*SUPPLIED INFORMATION:*
Segment Open

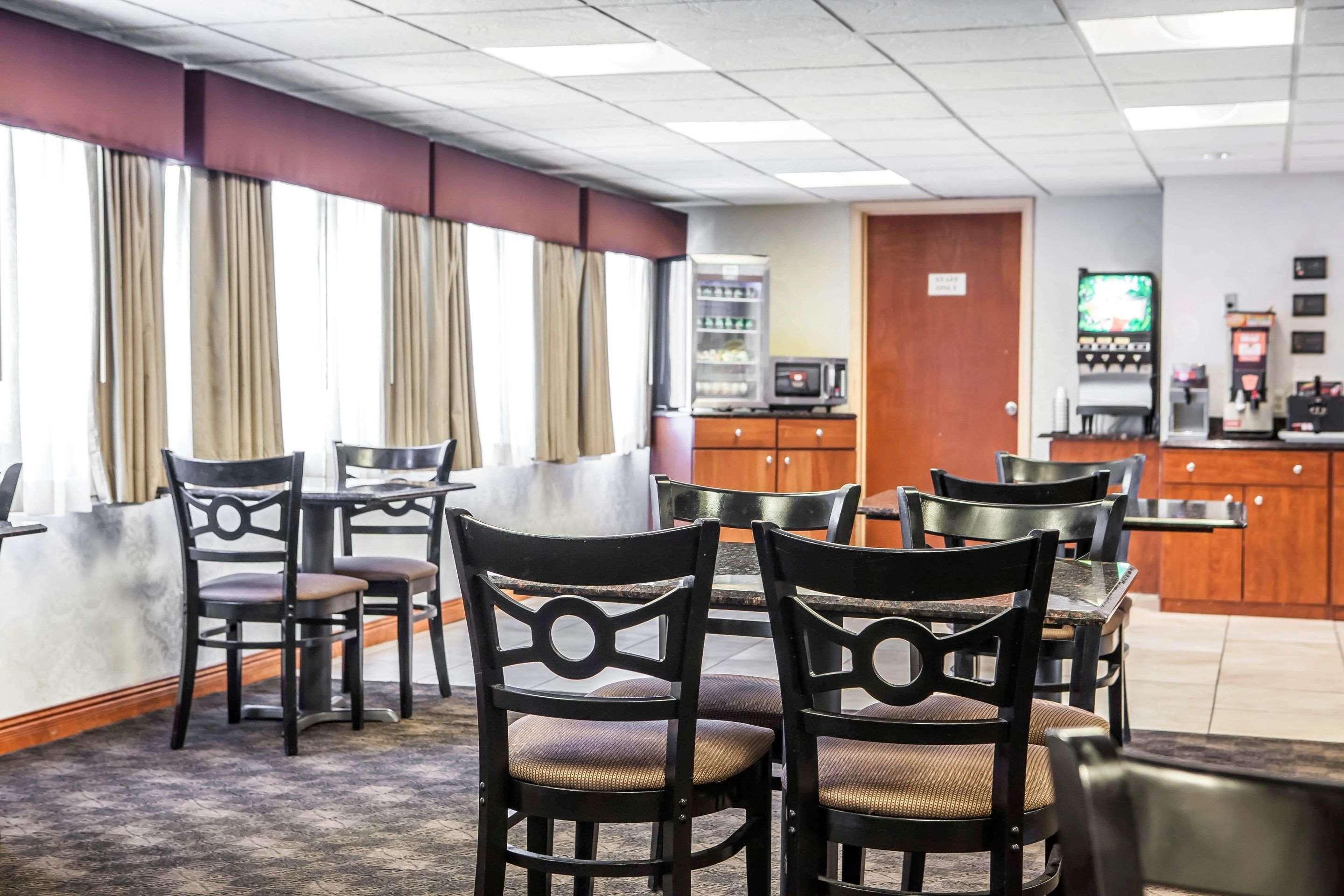 Comfort Inn Feasterville - Тревос Экстерьер фото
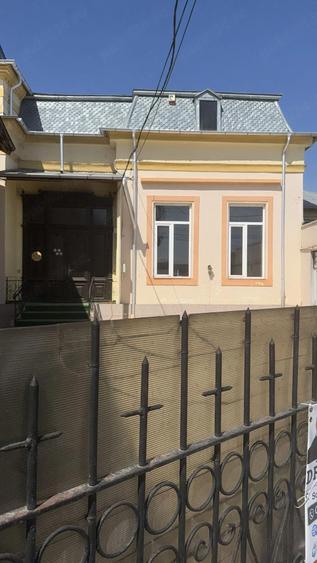 Casa de vanzare - 1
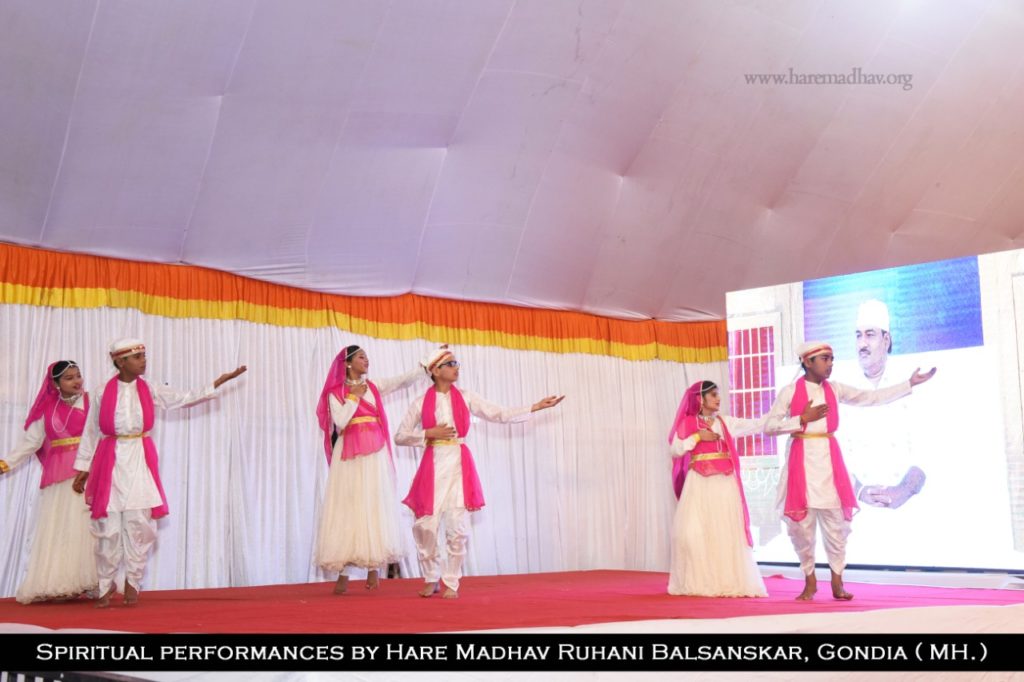 Spiritual Performances by Hare Madhav Ruhani Balsanskar, Gondia 8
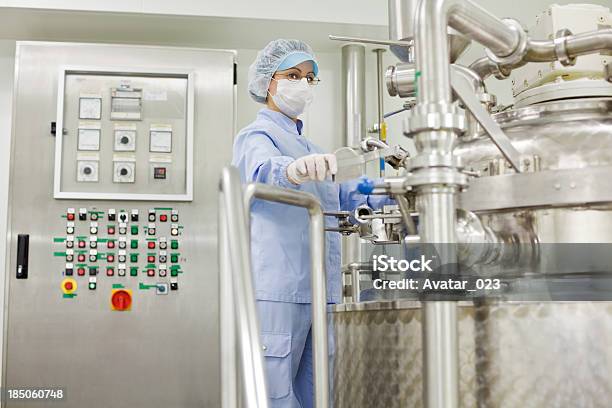 Pharmaceutical Factory Stockfoto und mehr Bilder von Arbeiten - Arbeiten, Ausgebleicht, Berufliche Beschäftigung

Segment Closed

*TASK STATEMENT:* Print the lines from the line containing "Casa de vanzare - 1" through the last line of the listing, exactly as they stand, and leave any pictures out.

*RESULT OF THIS TASK:*
 Casa de vanzare - 1
 Spiritual Performances by Hare Madhav Ruhani Balsanskar, Gondia 8
 Pharmaceutical Factory Stockfoto und mehr Bilder von Arbeiten - Arbeiten, Ausgebleicht, Berufliche Beschäftigung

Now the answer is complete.